[WHAT IS EXPECTED]: Begin with the line containing "Learn To Draw 1" and copy every line after it to the end of the entries, exactly, leaving out the lines before it.

[Extracted records]

....

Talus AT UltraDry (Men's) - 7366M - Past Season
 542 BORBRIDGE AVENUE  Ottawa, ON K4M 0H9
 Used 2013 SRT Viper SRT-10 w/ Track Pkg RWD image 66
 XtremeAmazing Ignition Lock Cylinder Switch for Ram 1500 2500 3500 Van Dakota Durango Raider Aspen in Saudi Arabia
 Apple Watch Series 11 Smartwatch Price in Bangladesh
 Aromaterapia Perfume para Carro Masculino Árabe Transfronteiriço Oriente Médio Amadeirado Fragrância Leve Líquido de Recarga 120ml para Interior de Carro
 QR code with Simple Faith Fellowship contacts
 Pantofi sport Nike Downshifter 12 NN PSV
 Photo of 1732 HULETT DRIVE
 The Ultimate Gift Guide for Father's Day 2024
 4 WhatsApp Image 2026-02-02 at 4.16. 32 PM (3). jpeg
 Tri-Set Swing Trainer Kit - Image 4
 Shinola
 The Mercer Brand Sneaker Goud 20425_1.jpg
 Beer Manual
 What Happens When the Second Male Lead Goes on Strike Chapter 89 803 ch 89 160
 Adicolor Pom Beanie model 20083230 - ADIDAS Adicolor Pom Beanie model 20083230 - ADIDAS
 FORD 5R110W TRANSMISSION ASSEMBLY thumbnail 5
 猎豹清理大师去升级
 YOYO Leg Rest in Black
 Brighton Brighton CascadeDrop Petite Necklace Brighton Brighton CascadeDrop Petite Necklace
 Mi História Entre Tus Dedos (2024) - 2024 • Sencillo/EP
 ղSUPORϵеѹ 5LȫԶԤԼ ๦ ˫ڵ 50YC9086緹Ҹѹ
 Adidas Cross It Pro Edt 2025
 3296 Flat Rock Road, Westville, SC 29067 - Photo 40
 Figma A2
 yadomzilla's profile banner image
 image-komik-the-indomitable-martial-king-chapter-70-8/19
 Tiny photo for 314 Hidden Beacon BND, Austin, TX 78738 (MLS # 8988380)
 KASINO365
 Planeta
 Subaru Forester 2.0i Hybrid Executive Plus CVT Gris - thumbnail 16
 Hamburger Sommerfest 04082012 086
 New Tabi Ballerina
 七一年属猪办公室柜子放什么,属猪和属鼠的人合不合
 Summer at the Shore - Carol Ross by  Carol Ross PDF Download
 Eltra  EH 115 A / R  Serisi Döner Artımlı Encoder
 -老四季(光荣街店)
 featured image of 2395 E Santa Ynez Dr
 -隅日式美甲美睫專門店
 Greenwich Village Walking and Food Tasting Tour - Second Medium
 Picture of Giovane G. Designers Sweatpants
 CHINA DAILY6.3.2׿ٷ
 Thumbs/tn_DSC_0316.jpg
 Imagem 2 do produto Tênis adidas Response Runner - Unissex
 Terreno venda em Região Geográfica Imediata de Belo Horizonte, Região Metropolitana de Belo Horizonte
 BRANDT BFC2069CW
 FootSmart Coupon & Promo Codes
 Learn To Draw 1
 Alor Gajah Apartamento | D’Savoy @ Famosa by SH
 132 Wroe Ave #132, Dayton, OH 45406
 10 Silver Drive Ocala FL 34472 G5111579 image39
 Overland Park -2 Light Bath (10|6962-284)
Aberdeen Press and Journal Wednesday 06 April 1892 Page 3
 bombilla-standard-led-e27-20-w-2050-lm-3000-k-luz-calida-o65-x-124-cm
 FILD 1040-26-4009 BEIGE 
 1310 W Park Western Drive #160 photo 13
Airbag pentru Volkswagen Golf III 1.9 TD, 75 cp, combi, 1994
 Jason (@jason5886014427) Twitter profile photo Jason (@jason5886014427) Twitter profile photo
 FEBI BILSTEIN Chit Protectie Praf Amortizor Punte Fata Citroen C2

....

[YOUR RESPONSE]:
 Learn To Draw 1
 Alor Gajah Apartamento | D’Savoy @ Famosa by SH
 132 Wroe Ave #132, Dayton, OH 45406
 10 Silver Drive Ocala FL 34472 G5111579 image39
 Overland Park -2 Light Bath (10|6962-284)
Aberdeen Press and Journal Wednesday 06 April 1892 Page 3
 bombilla-standard-led-e27-20-w-2050-lm-3000-k-luz-calida-o65-x-124-cm
 FILD 1040-26-4009 BEIGE 
 1310 W Park Western Drive #160 photo 13
Airbag pentru Volkswagen Golf III 1.9 TD, 75 cp, combi, 1994
 Jason (@jason5886014427) Twitter profile photo Jason (@jason5886014427) Twitter profile photo
 FEBI BILSTEIN Chit Protectie Praf Amortizor Punte Fata Citroen C2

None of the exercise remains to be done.